Welcome to Hypothesis Testing!

Hello! This is one of the most powerful and exciting topics in Statistics. Hypothesis testing is essentially the statistical method for making informed decisions based on sample data. It's like being a detective or a judge, deciding whether there is enough evidence to reject a long-held belief or claim.

In this chapter, we will learn how to formally structure a statistical argument, evaluate evidence, and conclude whether a claim is statistically significant. Don't worry if this seems tricky at first—we'll break it down into simple, manageable steps!


1. The Core Idea: The Statistical Trial

Think of hypothesis testing as a trial in a court of law.

  • The Null Hypothesis (\(H_0\)) is the assumption of innocence (the status quo).
  • The Alternative Hypothesis (\(H_1\)) is the accusation (the claim we suspect is true).
  • The Sample Data is the evidence presented.
  • The Significance Level is how strong the evidence needs to be to convict.

The Rule of Assumption

In statistics, we always assume the Null Hypothesis (\(H_0\)) is true, just like assuming a person is innocent until proven guilty. We then use our sample data to see if it provides enough contradictory evidence to reject \(H_0\).

Key Takeaway

We never "prove" \(H_1\) is true; we only decide whether the evidence is strong enough to reject \(H_0\) in favour of \(H_1\).
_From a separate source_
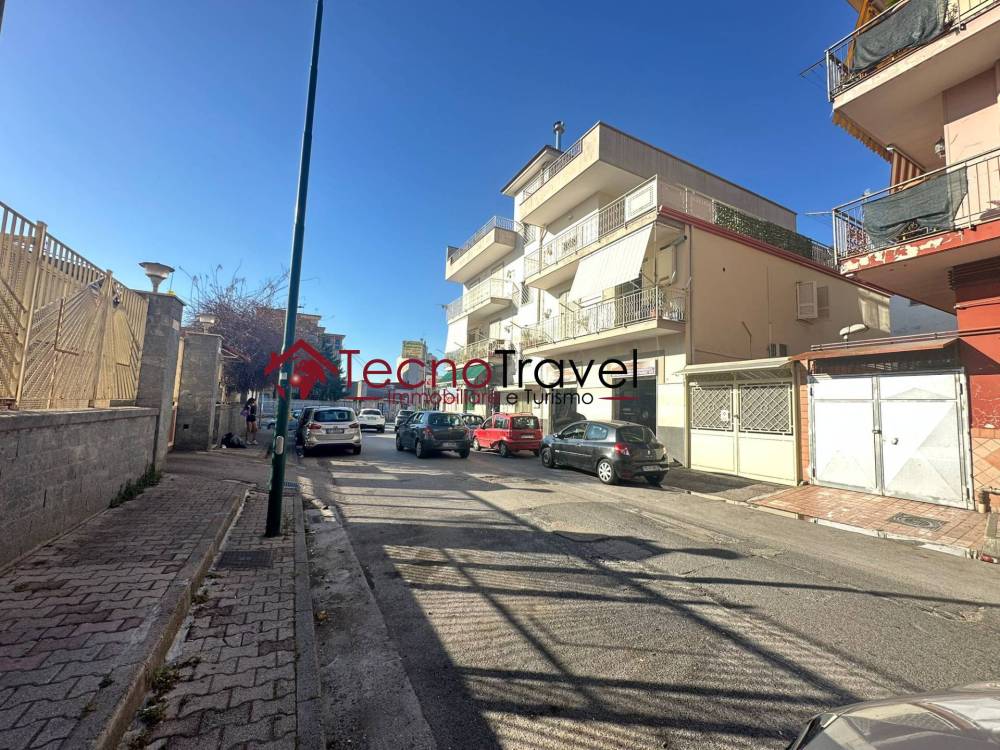 locale commerciale in affitto a Casoria in zona Centro Storico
2. Setting up Hypotheses (H₀ and H₁)

2.1. The Null Hypothesis (\(H_0\))

The null hypothesis is the starting point, stating that there is no change, no effect, or that the parameter equals a specified value.

  • \(H_0\) always contains an equals sign (\(=\)).
  • Example (Proportion \(p\)): \(H_0: p = 0.5\)
  • Example (Mean \(\mu\) or \(\lambda\)): \(H_0: \mu = 10\)

2.2. The Alternative Hypothesis (\(H_1\))

The alternative hypothesis reflects the claim or suspicion that the parameter has changed. This dictates whether the test is one-tailed or two-tailed.

  • One-Tailed Test: If the change is expected in a specific direction (either higher or lower).
    Example: A manufacturer claims a new process reduces defects.
    \(H_1: p < 0.5\) (Less than the old proportion)
  • Two-Tailed Test: If the change is simply expected to be different, without a specified direction.
    Example: We suspect the average score is no longer 10.
    \(H_1: \mu \neq 10\) (Not equal to 10)

⛔ Common Pitfall Alert!

NEVER put a less than (\(<\)), greater than (\(>\)), or not equal to (\(\neq\)) sign in \(H_0\). \(H_0\) must always specify a single parameter value, e.g., \(H_0: \mu = 5\).

3. Decision Making: The Critical Components

3.1. Significance Level (\(\alpha\))

The significance level (\(\alpha\)), usually 5% (0.05) or 1% (0.01), is the threshold for rejecting \(H_0\).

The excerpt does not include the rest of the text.